If overlapping is detected, decision should be made to choose the correct memory type. The logics described by Intel and AMD are quite complex. For hypervisors, we can reduce the complexity of this logic by simply comparing the value of memory types for overlapped region: the smallest one is to be chosen. See Chapter 11.11.4.1, "MTRR Precedences", Volume 3, Intel 64 and IA-32 Architecture Software Developer's Manual for further details regarding the overlapping variable MTRRs.

Fixed MTRR Emulation

The logic of Fixed MTRR is quite simple: read all MSRs related to the Fixed MTRRs and set them accordingly. Each MSR for Fixed MTRR defines eight memory types for eight ranges. The size of range depends on which MSR. For example, the IA32_MTRR_FIX64K_00000 MSR defines eight memory types for eight 64KiB ranges (i.e: 16 pages per range).
Please note that the Fixed MTRRs take higher priority than Variable MTRRs when there are overlappings. Therefore, setting memory types for the Fixed MTRRs are to be done after setting for the Variable MTRRs.

MTRR-Write Interception

The system might change the value of MTRR. In this regard, the old settings of EPT memory types would be invalid. However, it does not mean that intercepting MTRR is the only thing to do. Re-emulate MTRRs on every interception is a dumb idea.

On interceptions of writes that set CR0.CD bit, set the CR0.CD bit in both host and guest so that caching is disabled.

On interceptions of writes to MTRRs:

Check the CR0.CD bit, if caching is not disabled, re-emulate MTRRs.
Otherwise, set a hint that, on writes that sets CR0.CD, MTRRs should be re-emulated.
Pass the value to be written to the real MTRR.

On interceptions of writes that clear CR0.CD bit:

Re-emulate MTRRs.
Clear the CR0.CD bit so that caching is enabled.

When re-emulating MTRRs, do not forget to execute invept instruction to flush EPT TLBs.

Future Feature (Roadmap)

In future, NoirVisor has following plans:

Implement VMX-Nesting. (This will be a long term project)
Implement Customizable VM for VT-Core.
Implement NPIEP. (Non-Privileged Instruction Execution Prevention)

VMX-Nesting Algorithm (Incomplete Version)

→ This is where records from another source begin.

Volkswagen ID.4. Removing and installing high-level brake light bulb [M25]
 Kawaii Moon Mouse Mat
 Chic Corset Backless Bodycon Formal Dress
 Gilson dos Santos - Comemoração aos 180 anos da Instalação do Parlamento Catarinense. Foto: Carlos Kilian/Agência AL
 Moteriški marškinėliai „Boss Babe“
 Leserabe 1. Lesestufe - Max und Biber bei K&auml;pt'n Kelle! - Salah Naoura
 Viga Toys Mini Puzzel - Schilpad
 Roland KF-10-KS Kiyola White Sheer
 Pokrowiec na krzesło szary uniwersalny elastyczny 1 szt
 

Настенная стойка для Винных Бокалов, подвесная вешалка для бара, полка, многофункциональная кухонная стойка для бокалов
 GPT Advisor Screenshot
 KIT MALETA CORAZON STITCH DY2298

To nest another working hypervisor is the highest focus of Project NoirVisor. However, starting from the repository creation, this goal has not been satisfied yet. Here, I will state down the algorithm and it will be updated in future as problems arises.
We will divide the problem into several sub-problems, as stated below:

Enable/Disable Nested VMX
Virtualize capability MSRs
Virtualize VM-Entry
Virtualize VM-Exit
Virtualize VPID
Virtualize EPT
Utilize VMCS-Shadowing
Virtualize L2 VMCS
Devirtualize on-the-fly.

Glossary

L0: This term refers to the Host context.
L1: This term refers to the Guest Context.
L2: This term refers to the Nested Guest Context.

Enable/Disable Nested VMX

For this sub-problem, we intercept the VMXON/VMXOFF instructions and write to CR4.VMXE field.
On VM-Exit by VMXON, check CR4.VMXE. If the bit is set, setup the nested vcpu. Otherwise, setup the rflags for error. Then issue a VM-Entry. If nested vcpu was already setup, issue an error through rflags.
At the same time, save the address given by VMXON instruction. We may utilize the page in future.
On VM-Exit by VMXOFF, mark the nested vcpu as disabled. Then issue a VM-Entry.
On VM-Exit by setting CR4.VMXE, set nested vcpu as ready-for-vmxon. Then issue a VM-Entry.
On VM-Exit by resetting CR4.VMXE, if nested vcpu was not disabled, issue an exception. \

Virtualize capability MSRs

For this sub-problem, we intercept the RDMSR instruction from 0x480 to 0x491.
This sub-problem addresses the reporting VMX capability. We should only report features that we can successfully emulate, instead of forwarding the original values.

Virtualize VM-Entry

For this sub-problem, we intercept vmlaunch and vmresume instructions. For algorithm considerations, we assume we know about VMCS given by nested VMM.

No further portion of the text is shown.